Wednesday, February 20, 2008

Data Goes SLAuto at Oracle

Thanks to Steve Jones, check out this presentation from David Chappell, Oracle VP and CTO of SOA, titled "Next-Generation Grid Enabled SOA". (A shorter written article can be found in at SOA Magazine's site.) Chappell outlines the work that Oracle is doing at turning the traditional model of application scalability on its head; instead of a fixed amount of database resources and scaling the applications/services horizontally, scale the database (using a cool complex adaptive systems approach) and alleviate much of the need to scale apps and services (except for CPU bound services). For someone like me, that's mind blowing.

Add to that the fact that the data management functions are relatively homogenous (though the infrastructure may not be), and aware of its resource utilization, and you can see why they are claiming a certain amount of hardware-metric based SLAuto.

(Hardware metric based SLAuto is based in measurements of hardware components, such as CPU utilization, memory utilization and so on. Software-based SLAuto usually uses business metrics such as transaction rates, active accounts, etc. to make scaling decisions.)
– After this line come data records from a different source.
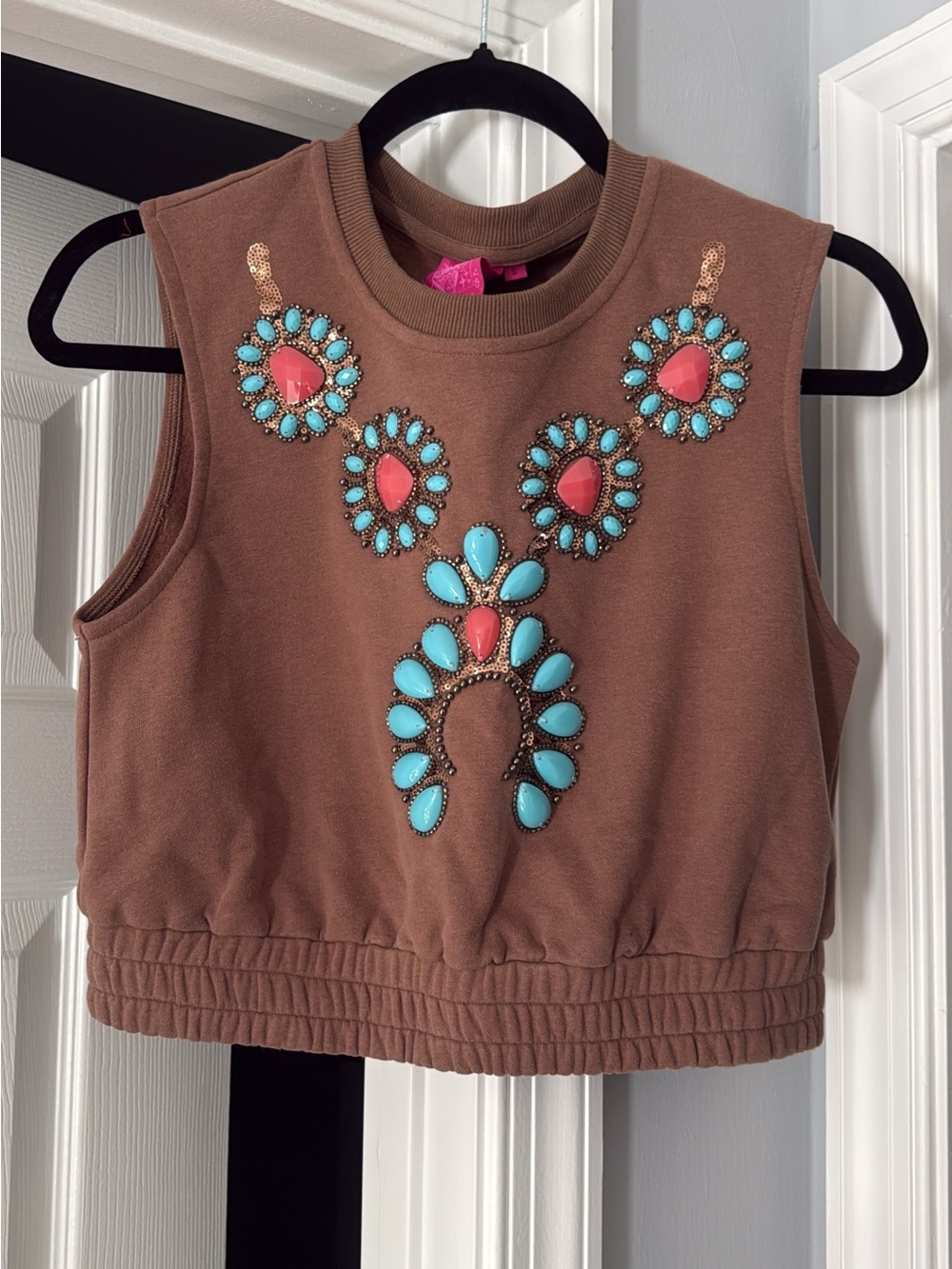 Queen of sparkles Brown Sleeveless Top new! Small  turquoise western rodeo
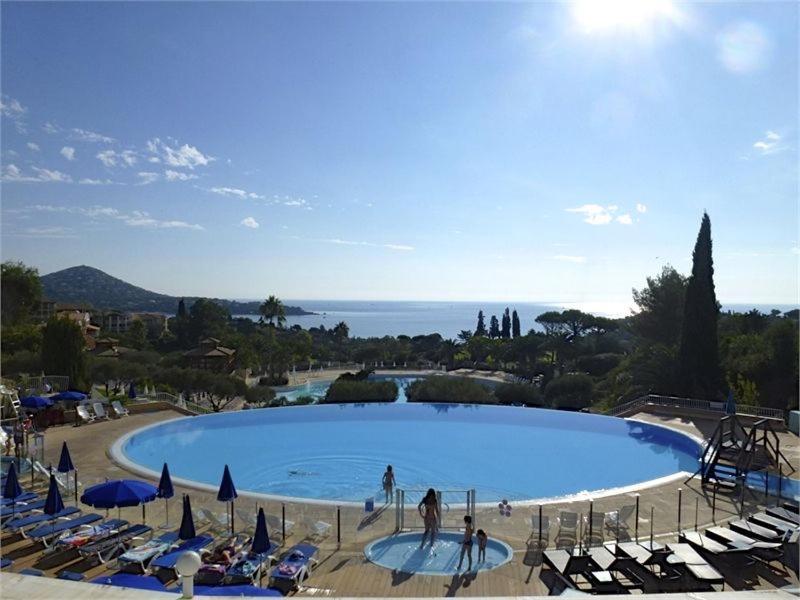 Studio 4P Vue Mer Calme Cap Esterel Saint-Raphael  Bagian luar foto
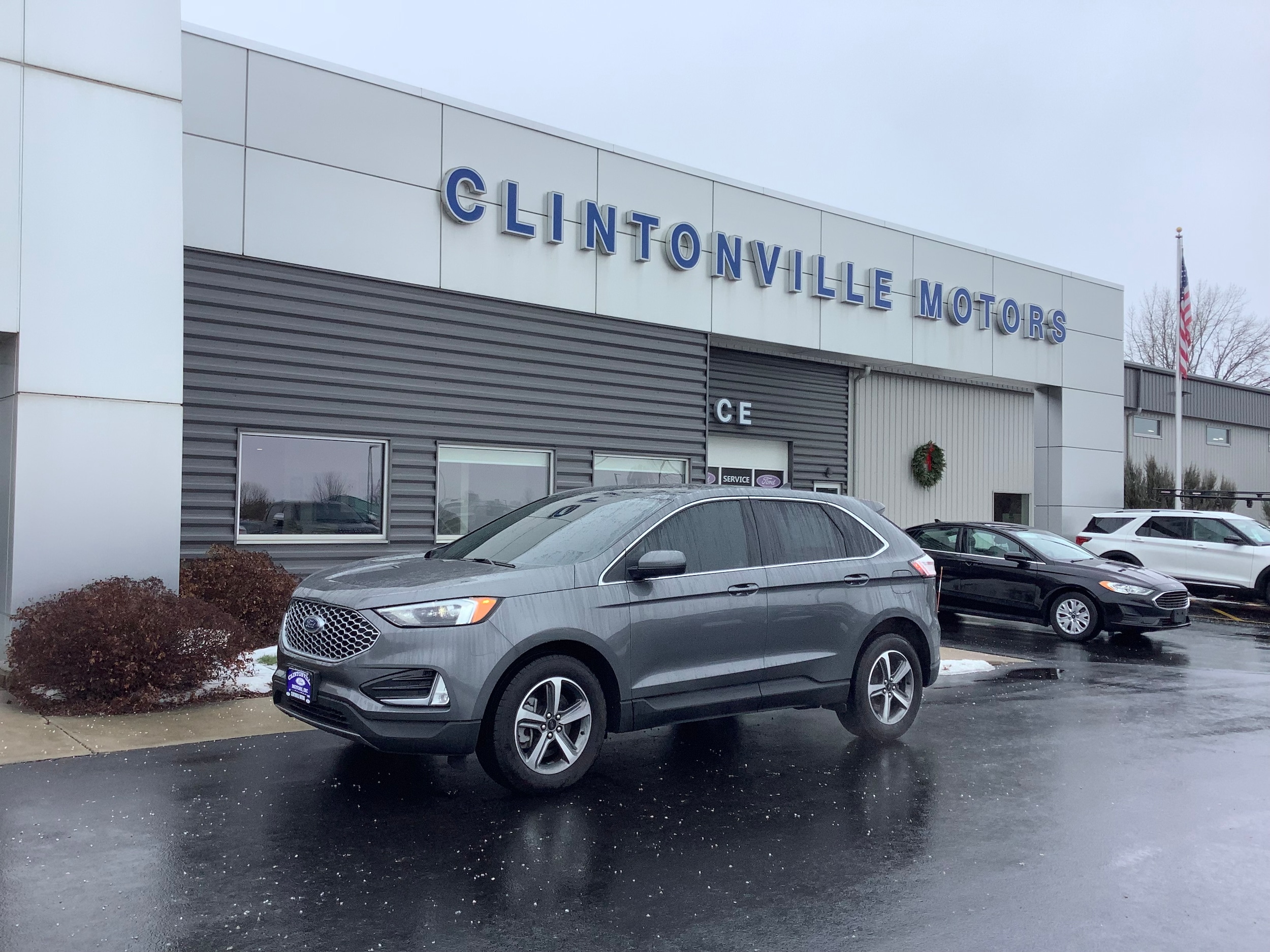 2024 Ford Edge SEL's photo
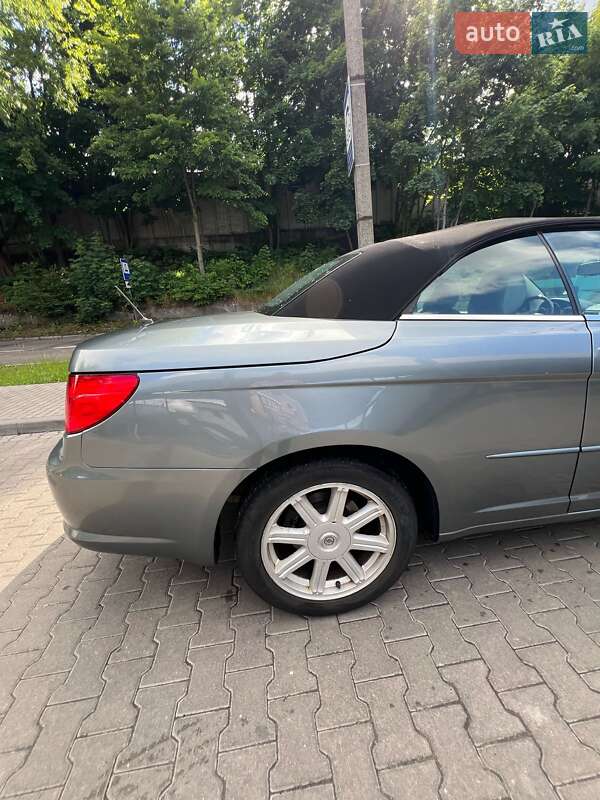 Седан Chrysler Sebring 2007 в Львове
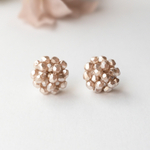 紫陽花＊シャンパンゴールド　イヤリング／ピアス　金属アレルギー対応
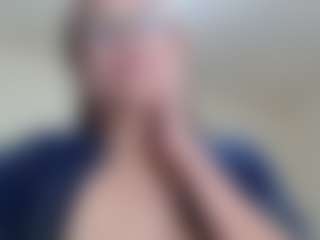 Milfcamila's Live Sex Cam Show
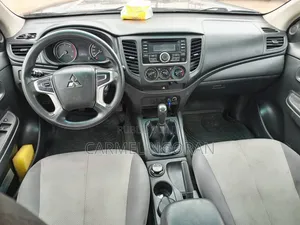 Mitsubishi L200 2022 Marron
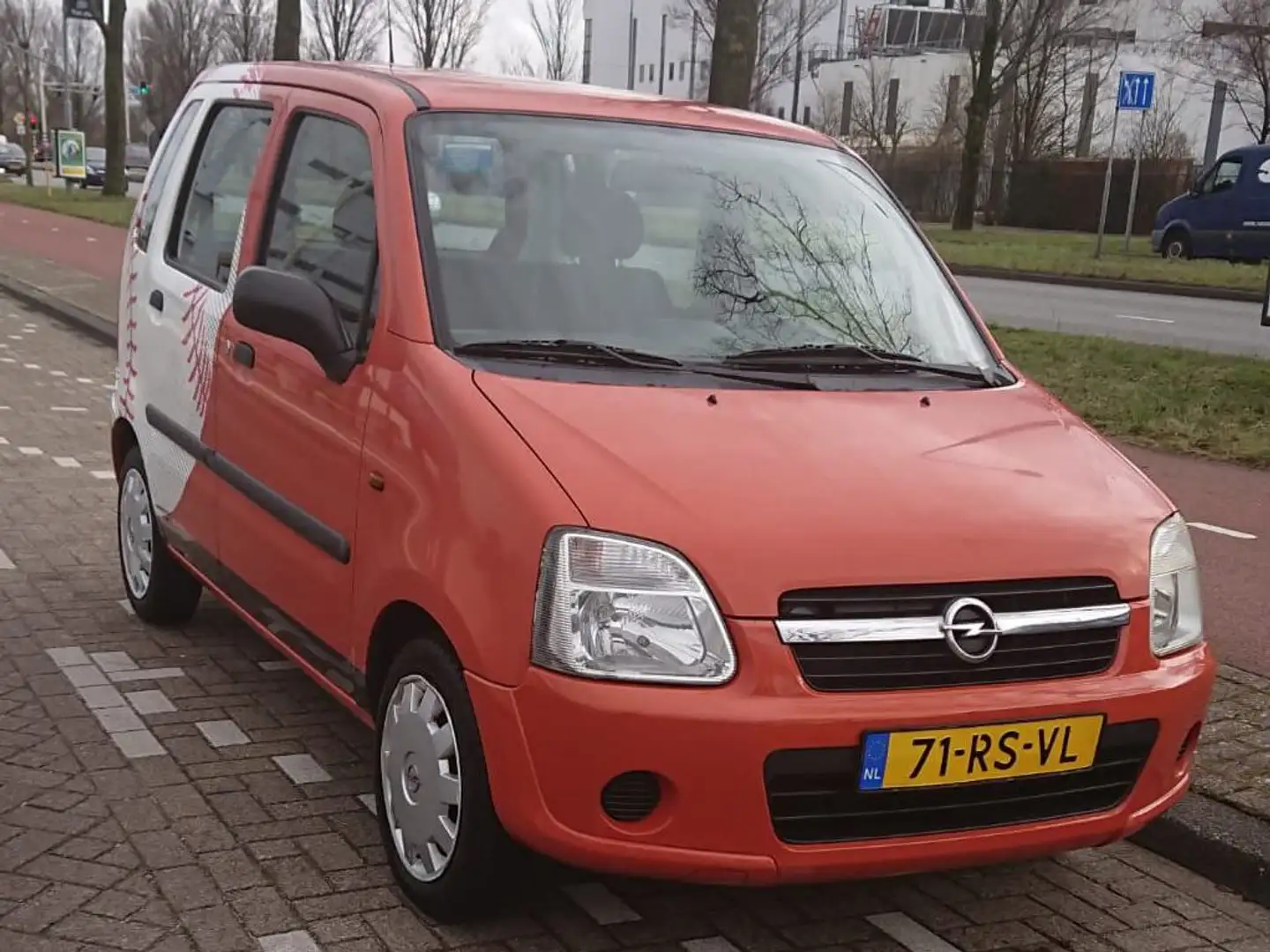 Opel Agila 1.0-12V Flexx Orange - 1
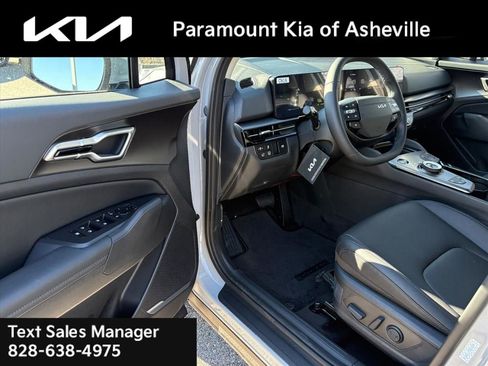 New 2026 Kia Sportage EX image 17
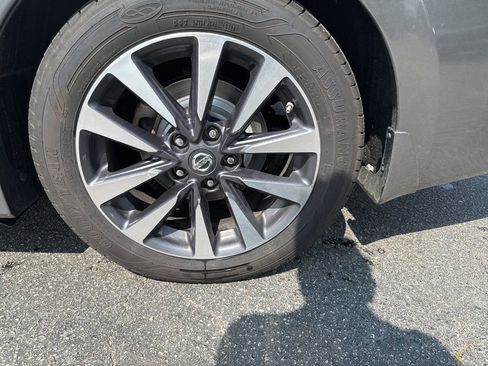 Used 2016 Nissan Altima 2.5 SV w/ Convenience Package image 11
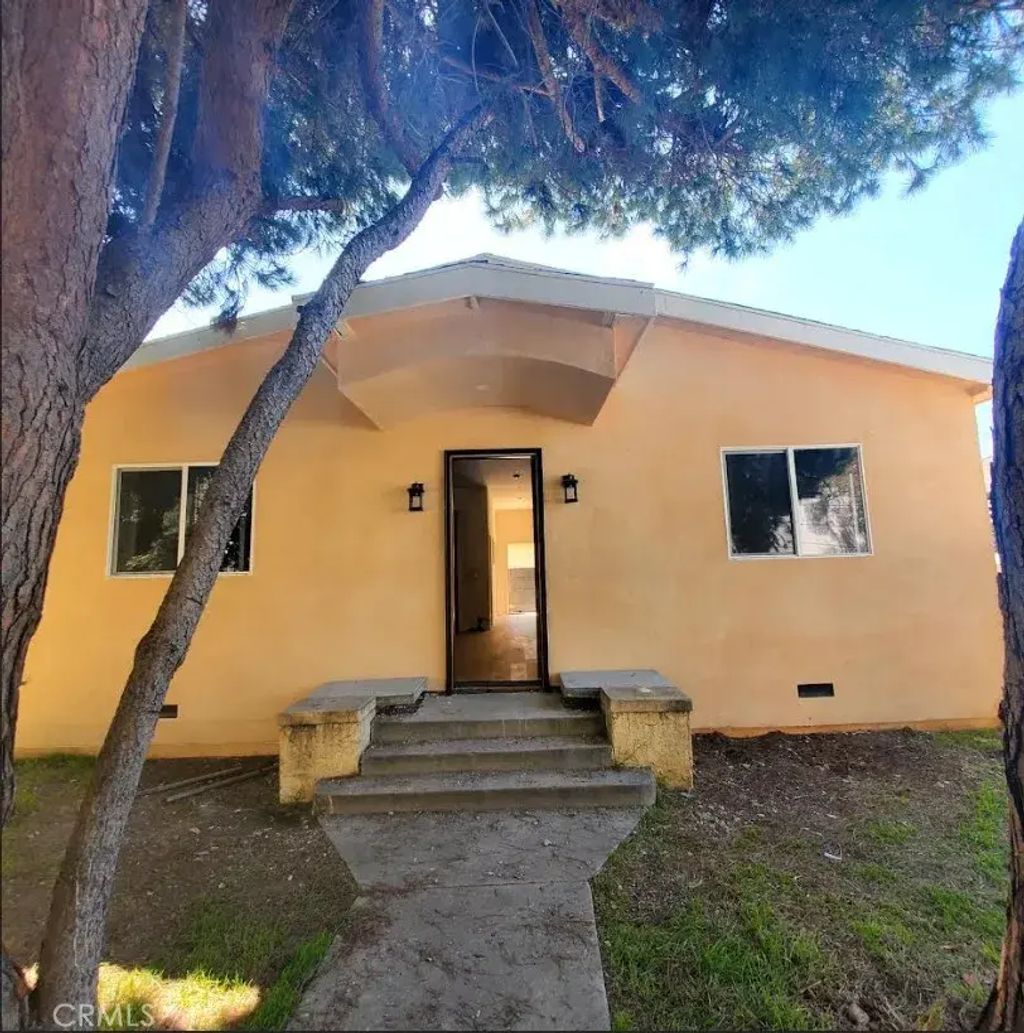 3765 Globe, Los Angeles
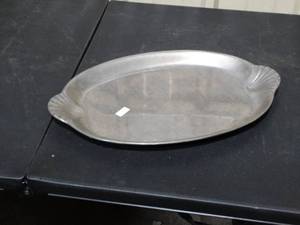 lot 26335 image: The Wilton Co. Serving Dish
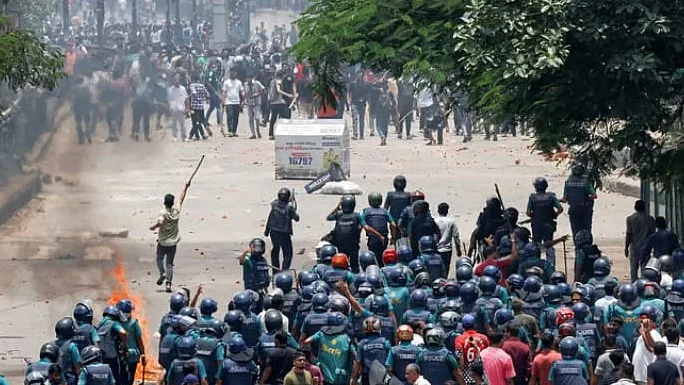 <div class="paragraphs"><p>بنگلہ دیش میں تشدد کا منظر، تصویر سوشل میڈیا</p></div>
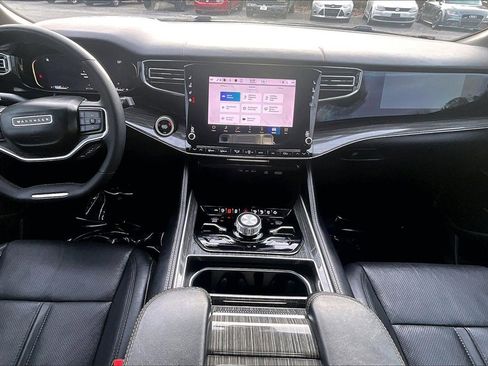 Used 2022 Jeep Wagoneer Series III w/ Convenience Group I image 8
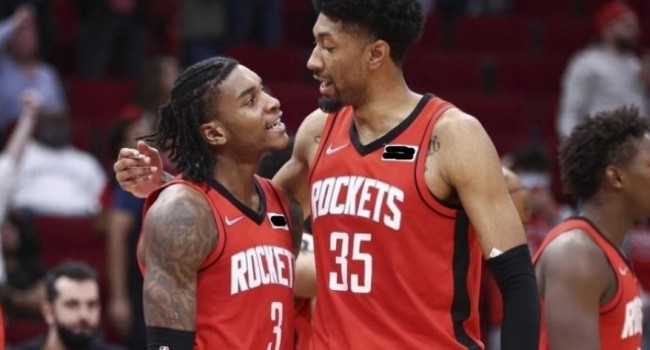 伤病潮下暗战：鹈鹕火箭季前赛战术博弈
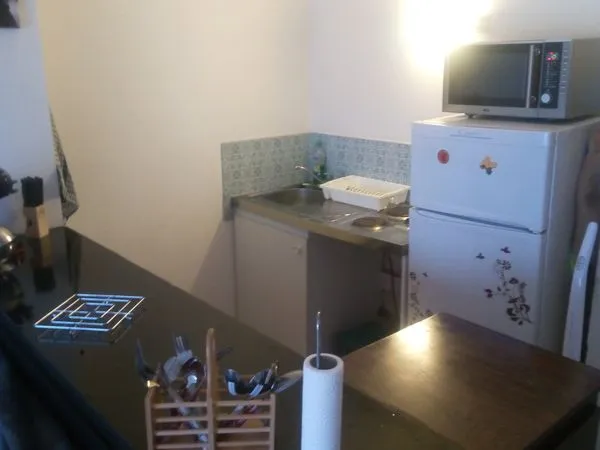 Loue studio meublé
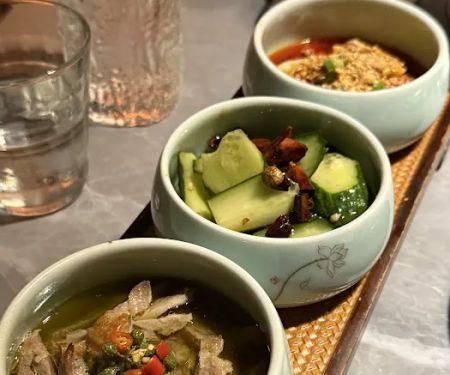 Chi Restaurant & Bar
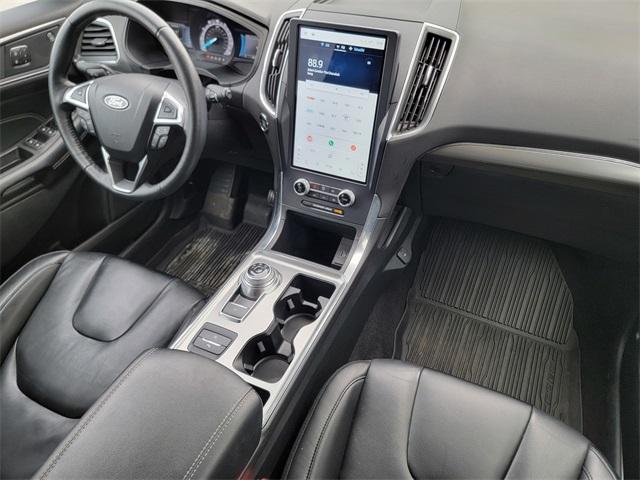 2022 Carbonized Gray Metallic Ford Edge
The catch? Well, everything must be written to use the "Data Grid" if its to take advantage of these capabilities. Legacy applications need not apply. (Could be the deal killer for David's "Not your MOM's Bus" concept.)

It seems to me that if Oracle wants this approach to catch on, it should open source a reference implementation as soon as possible. I'm not an expert at the most recent data processing approaches, but it would seem to me that Map-Reduce approaches would be complimentary to the Data Grid. However, Hadoop implementations would generally only be integrated with a data grid if there was an open source alternative. Otherwise, MySQL will continue to be the first choice. Open Source would also speed up integration between the data grid and infrastructure automation such as Cassatt and its competitors.

Dave hints at a URL for more info on the Oracle site, but I can't find it. If anyone tracks it down, I would appreciate any help I can get.